近代金管室内楽のレパートリーとしてそこそこメジャーですが、一般的なクラシック作曲家としてはほぼ無名のロシア人です。
詳しくはリンク先に委ねます。
ようやくすると、エンパイア・ブラス・クインテットというプログループのメンバーが70年代に無名の作曲家の楽譜を「発掘」し、その優れた内容を高く評価して演目に導入。非常にウケが良かったので定番曲となった、という経緯があります。
そもそもエヴァルトは専業作曲家ではなく、建築家として生計をたてていました。

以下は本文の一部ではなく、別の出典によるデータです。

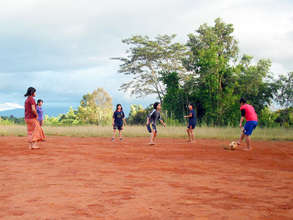Students play football together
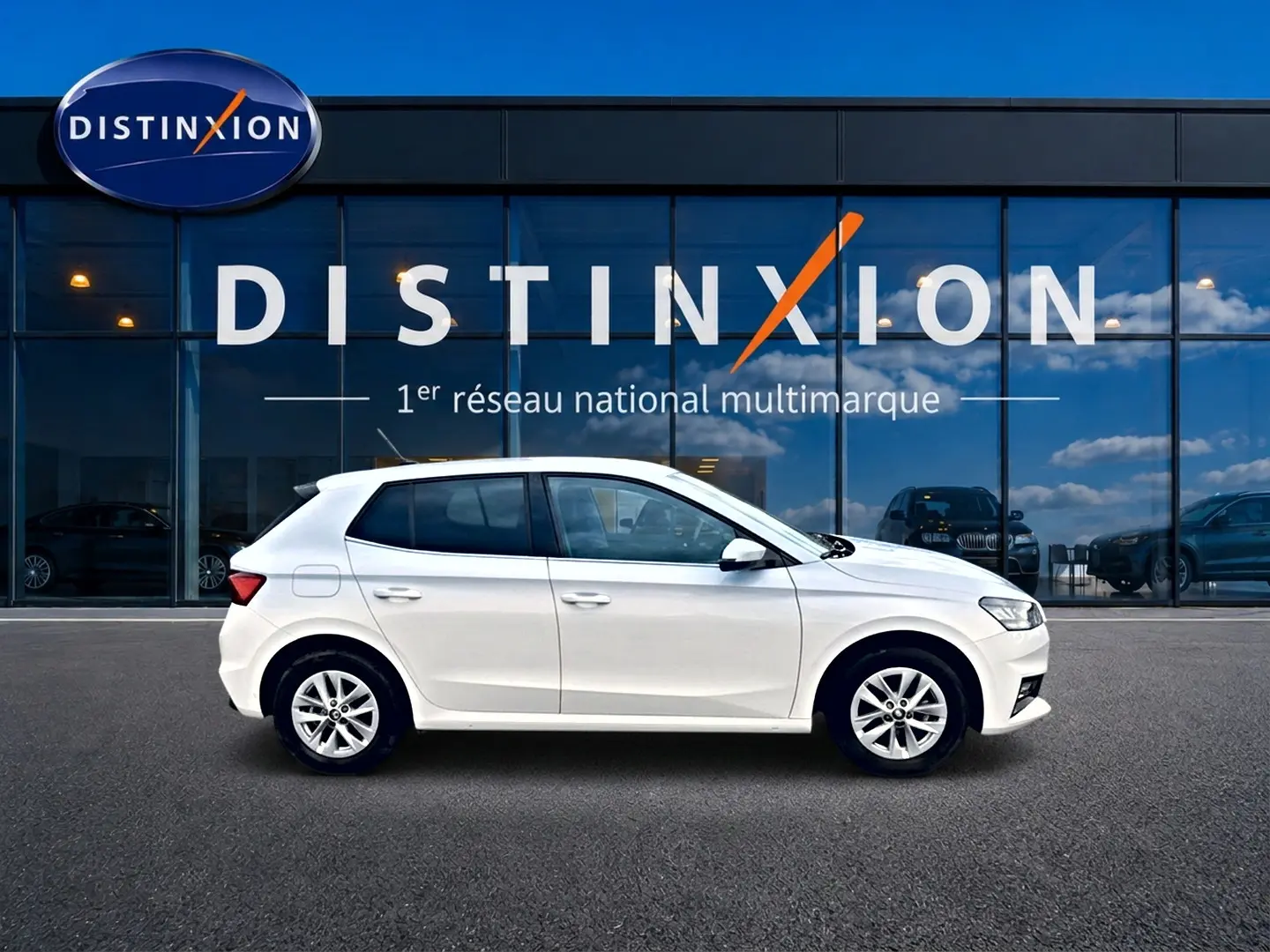 Profil droit d'une Skoda Fabia blanche 2025 garée devant une vitrine avec logo Distinxion.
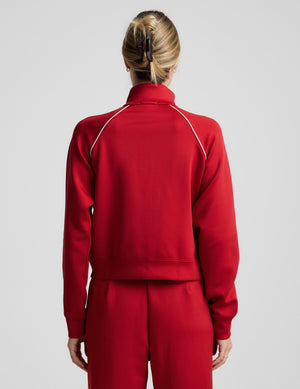 Woman wearing a red jacket with white piping against a plain background. 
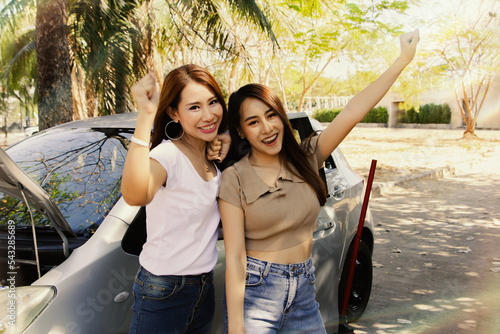 Canvastavla Portrait two carefree asian women parked on the sidewalk enjoying broken car and flat tire as they travel, showing smiles and comfort waiting for help from mechanic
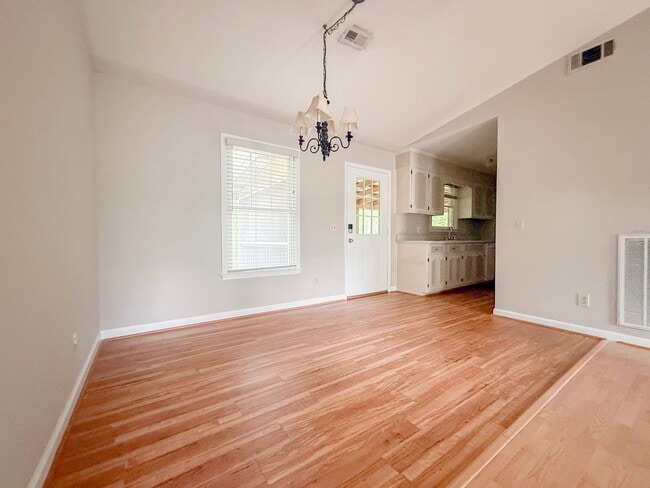 Building Photo - Spacious 3-Bedroom Home with Screened Porch, 2-Car Garage + Workshop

アマチュア趣味としてわずかな作品を作り、仲間と演奏していたようです。作風は当時としてもやや古いものでしたが、非常に堅牢な作曲内容であり、プロフェッショナルな演奏にも堪えるものです。
・私の20年前の編曲
録音、楽譜ともに残っていません。(現在、当時の関係者に記録物が無いか問い合わせ中です。)
ちょうど私が大学を卒業した年、新設された大学で吹奏楽部を作ることになりました。1年目だからと言って手堅い活動をするだけではなく、可能な限り多くの演奏を積極的に行うことを目標にしていました。その一環として、1年目から吹奏楽コンクールにも出場することとなりましたが、滅茶苦茶な楽器編成とばらつきのある演奏能力に応じるために私が曲を編曲を行うことになり、この曲が選定されました。

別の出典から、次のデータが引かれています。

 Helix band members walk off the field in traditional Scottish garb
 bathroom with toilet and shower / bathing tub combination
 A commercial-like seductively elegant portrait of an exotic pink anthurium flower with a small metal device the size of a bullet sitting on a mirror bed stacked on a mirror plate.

それなりの演奏経験のある人には強い責任をもたせ、演奏経験ゼロの人でもしっかり参加できる内容にすることを目的として編曲されました。幸いなことに予選を突破し、都道府県本戦に出ることもでき、初心者にも本格的なコンサートホールで演奏する経験を与えられたことは何よりの成果だったと思います。
個人的な喜びとしてはコンクールの講評で演奏そっちのけで「アレンジ内容が素晴らしい」と評価されたことに尽きます。そうした評価を得られたことで、自分が独学で身につけてきた編曲能力も一定以上の価値があると確信できたものです。
近年になって少子化の影響もあり、小編成吹奏楽曲のニーズが高まっています。懇意にしていただいている出版社、ASKS WINDS様の企画でもそうしたニーズに応える形で小編成向け作品の企画がなされ、それに乗じる形で出版に至りました。
編曲の内容は当時の記憶を元に、より標準的な演奏能力に向けた内容として再編曲しています。
■今回の編曲の内容
12人編成を想定しています。
楽譜購入者からの要望があれば異なる編成への再編曲の対応も限定的に応じていく予定です。
Flute
Clarinet in Bb1
Clarinet in Bb2
Alto Sax
Tenor Sax
Trumpet in Bb
Horn in F
Trombone
Euphonium
Tuba
(opt. Oboe, Bassoon, DoubleBass)
打楽器は2人
Timpani,Triangle,Cymbals(pair),Suspended Cymbal,Vibraphone
原曲の1楽章、2楽章、4楽章を抜粋しています。
演奏時間は6分程度。
以前に作った20人吹奏楽用の『コンチェルト・グロッソ』に準じたオーケストレーションをしています。
eki-docomokirai.hatenablog.com
・細かいフレーズの入れ子化
安易な小編成吹奏楽にありがちなサウンドにならないようにするために、さまざまな工夫を施してあります。
たとえば、下楽譜のように連続する速い三連符は入れ子に処理し、難易度を大幅に下げています。全て並べても、学生でもちょっと上手い人なら十分に演奏可能ではありますが、軽快に聞かせるのはなかなか難しいパッセージです。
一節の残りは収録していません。